Zur Interpretation von Energieszenarien

Aus der Zusammenfassung:

  1. Szenarien können bei richtiger Interpretation vielfachen Nutzen stiften:
    • Sie können zeigen, dass oder unter welchen Umständen gewünschte oder befürchtete zukünftige Entwicklungen eintreffen könnten.
    • Sie dienen als Mittel, um über die Energiezukunft zu diskutieren.
    • Sie können Sichtweisen aus vielen Disziplinen und von vielen Akteuren integrieren.
    • Sie können helfen, politische Handlungsalternativen zu bewerten.
  2. Mit Szenarien können Wissensbestände und Überzeugungen unterschiedlicher Akteure integriert werden. Insbesondere können Szenarien ein wichtiges Medium der gesellschaftlichen Aushandlung über gewünschte zukünftige Entwicklungen sein und Handlungsoptionen aufzeigen. Eine breite Beteiligung der Öffentlichkeit bei der Erstellung von Szenarien und ihre transparente Darstellung sind wichtige Voraussetzungen hierfür.
  3. Ein Szenario beschreibt eine aus heutigem Wissen für möglich gehaltene zukünftige Entwicklung. Da sich das Wissen verändert, können bisher als unmöglich eingeschätzte zukünftige Entwicklungen möglich werden und umgekehrt.
  4. Szenarien sind weder deterministische Prognosen noch Wahrscheinlichkeitsprognosen. Mit einer deterministischen Prognose wird behauptet, dass etwas mit Sicherheit der Fall sein wird. Eine Wahrscheinlichkeitsprognose drückt aus, dass etwas mit einer bestimmten Wahrscheinlichkeit der Fall sein wird.
  5. Der Möglichkeitsraum des zukünftigen Energiesystems ist zu groß und hochdimensional, um vollständig dargestellt werden zu können. Ein Szenario beschreibt nur einen spezifischen Zukunftspfad und stellt damit einen Ausschnitt aus dem Möglichkeitsraum dar.

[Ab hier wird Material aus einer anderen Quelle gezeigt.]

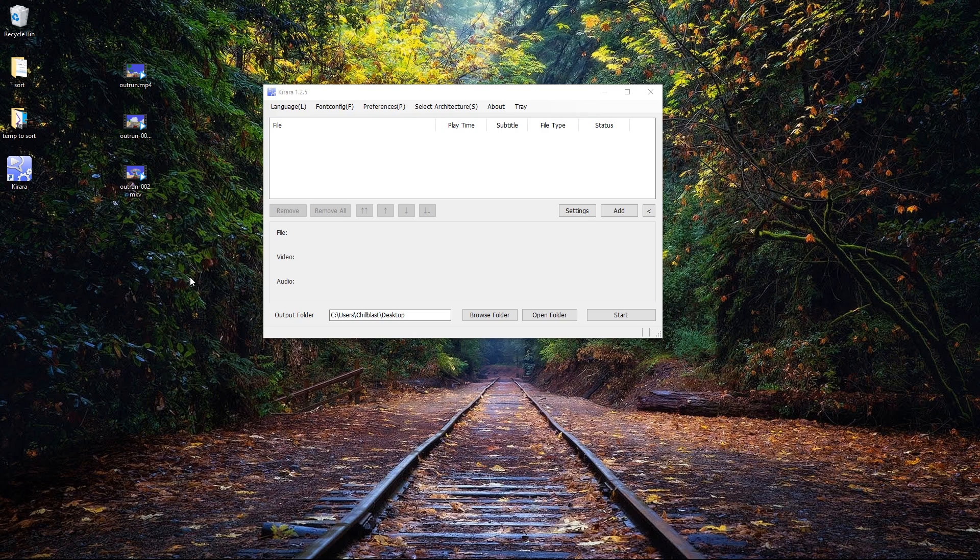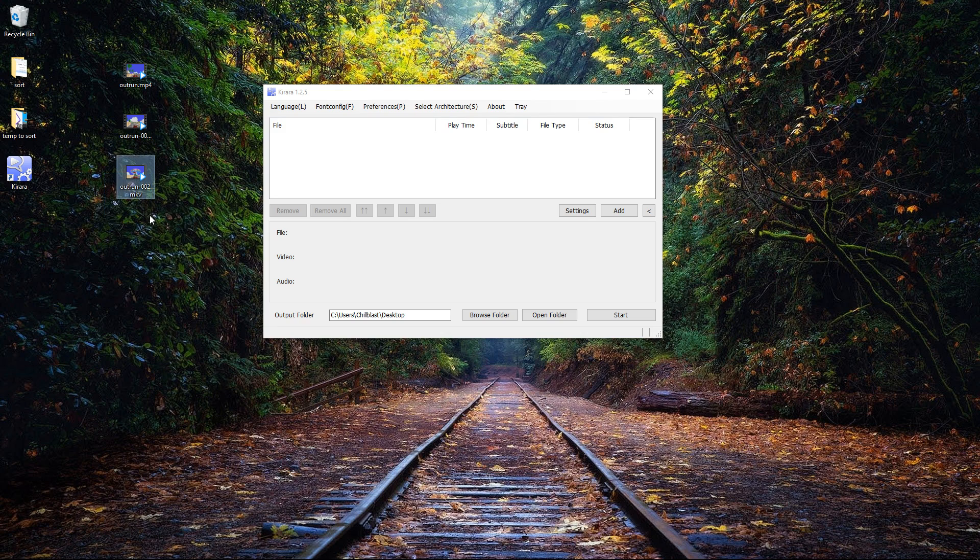A while ago I did a video that showed you how to split an mp4 or mkv file without re-encoding it. The only disadvantage to the tool I was using was the end result is an mkv file, and that particular format doesn't always play back on various devices.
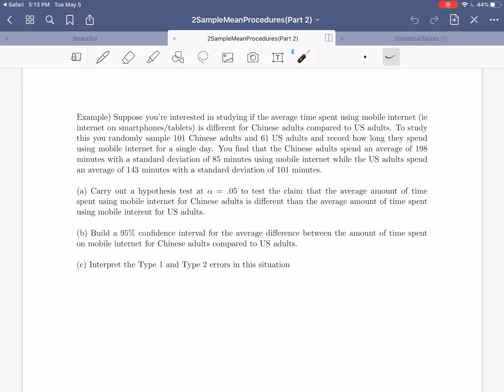Hi everybody. I hope this video finds you well. In today's video, we're going to be continuing on with the two-sample mean procedures that we introduced in the previous video, taking a look at a couple of examples of running these new procedures.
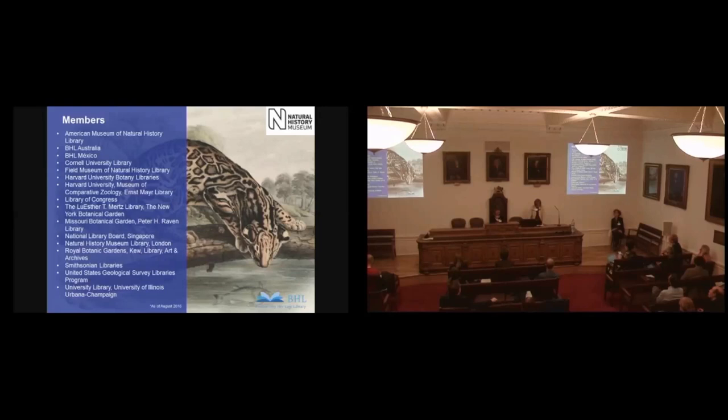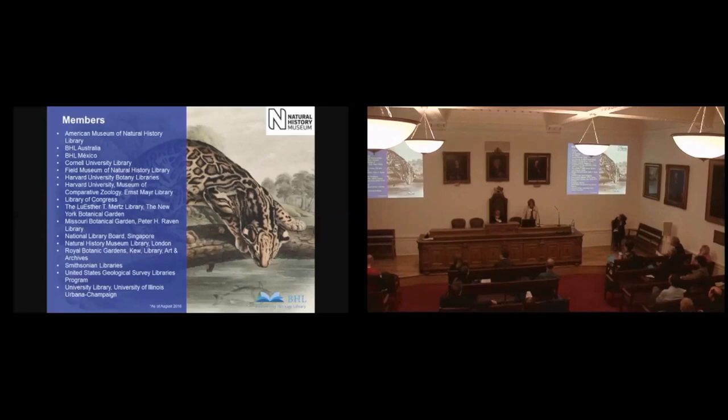In 2006, BHL was formed — a consortium of 10 natural history libraries. So we have just reached the 10th anniversary this year. The 10 member libraries has now morphed into 16 members. You can see the list — it's mostly American, but we've got Australia, Mexico, with ourselves in the queue from this country.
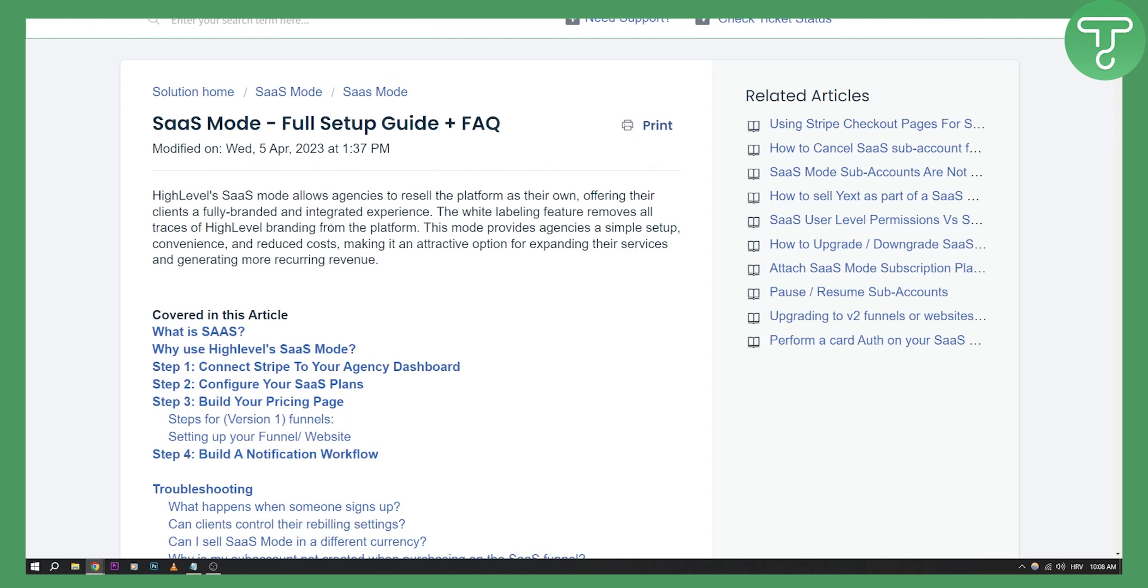So if you want to check out Go High Level, you can click the first link down below. We're offering a 30 day free trial so you can check that out.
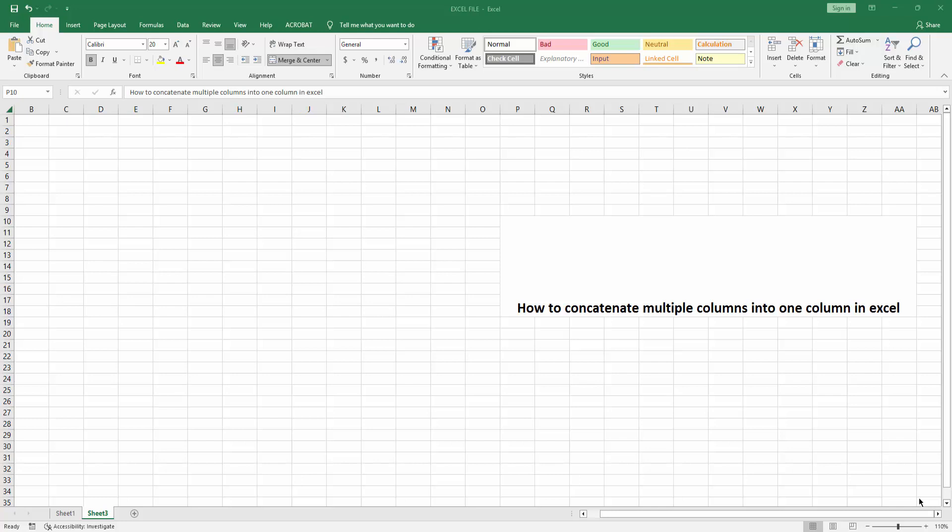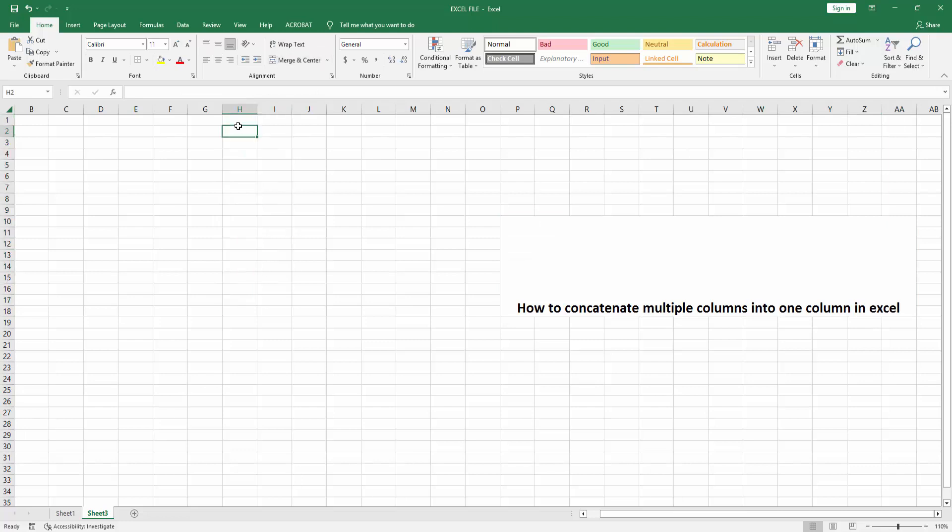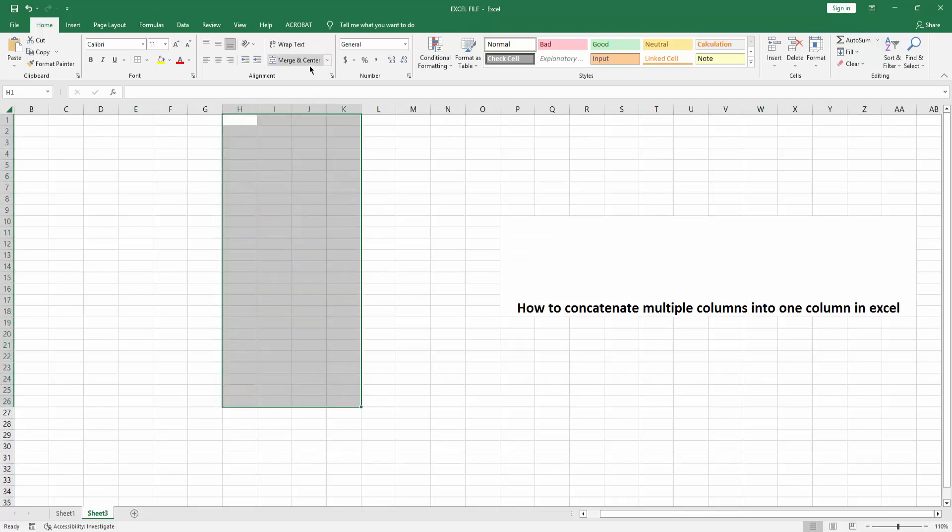your Microsoft Excel software, then open your Excel sheet. Now you can see here is my sheet. Now I select this multiple column. Good. Now go to Home menu and click Merge and Center drop down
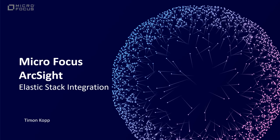Hello everyone and welcome to this short presentation. My name is Timon Kopp, I'm an ArcSight pre-sales from Microfocus based in the DACH region, and I would like to present a short example of how you could integrate ArcSight with third-party software. In this example we're going to use Elastic Stack for this integration.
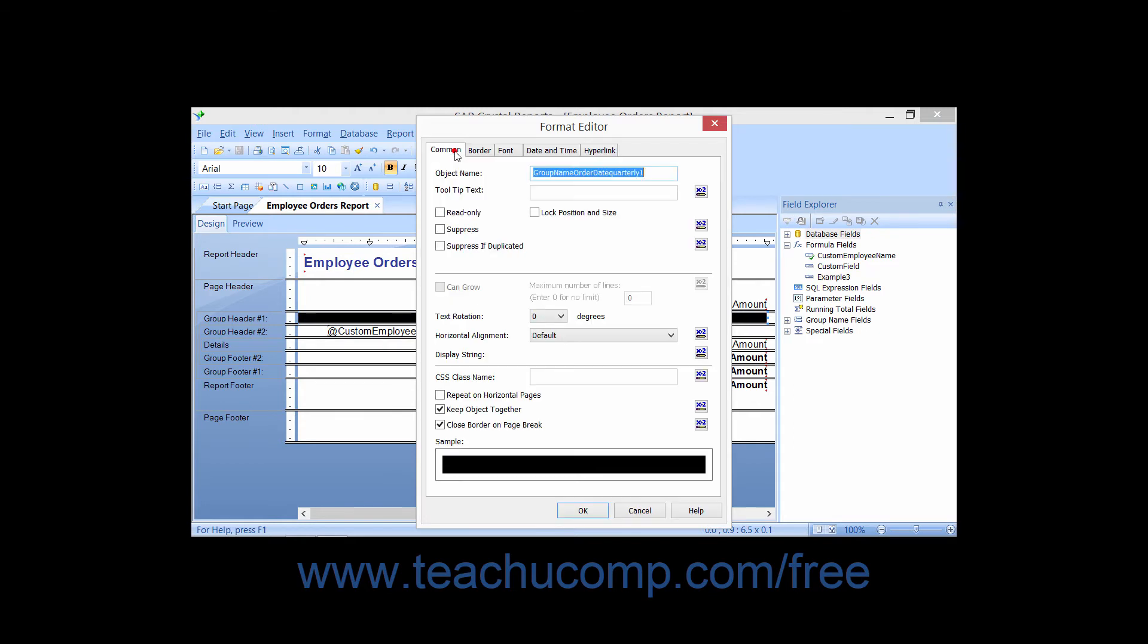To use this feature, first select the field to which you want to apply the conditional formatting within the report. Then either right-click the field and choose Format Field from the pop-up menu, or choose Format and then Format Field from the menu bar, or simply click the Format button in the Experts toolbar to open the Format Editor dialog box.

  6. In Szenarioanalysen besteht eine Schwierigkeit in der gut begründeten Auswahl der betrachteten Szenarien. Eine Strategie zur Fokussierung ist die Erstellung „explorativer Szenarien“. Ausgehend von der Gegenwart werden hierbei mögliche Entwicklungen ergebnisoffen identifiziert. Eine andere Strategie besteht in der Formulierung von „Zielszenarien“. Hierbei werden nur solche Szenarien betrachtet, die bestimmte normative Kriterien – etwa die Erreichung eines bestimmten Ziels – erfüllen.
  7. Szenarien von komplexen Systemen wie dem Energiesystem werden meist mit Computermodellen berechnet. Hierfür müssen Rahmenannahmen für alle exogenen Größen des Modells getroffen werden. Für jedes Szenario müssen diese Annahmen konsistent mit dem relevanten Wissen sein. Nur wenn diese Anforderung erfüllt ist und auch das Modell eine hinreichend konsistente Repräsentation des realen Systems ist, stellen die berechneten Szenarien mögliche Zukunftspfade dar.
  8. Wenn-dann-Aussagen sind eine entscheidende Grundlage von Szenarien, indem mit ihnen insbesondere die Wechselwirkungen im betrachteten System beschrieben werden. Auch die Schlussfolgerung in einem Szenario kann als Wenn-dann-Aussage formuliert werden, etwa wenn die Abhängigkeit einer zukünftigen Entwicklung von einer Maßnahme ausgedrückt werden soll. Dies ist jedoch nur dann sinnvoll, wenn der Adressat des Szenarios das Eintreten und damit die Unsicherheit des Wenn-Teils beurteilen kann.
  9. Ein Anwendungsbereich von Szenarien ist die Analyse von Effekten einer bestimmten (politischen) Handlung, ein anderer die Identifikation robuster Entwicklungen. Dies geschieht zum Teil auch durch den Vergleich verschiedener Szenariostudien (Metaanalyse). Jedoch fehlen derzeit noch Kriterien, um Robustheit zu beurteilen, da selbst eine Fülle von Szenarien den Möglichkeitsraum nur unvollständig abdeckt.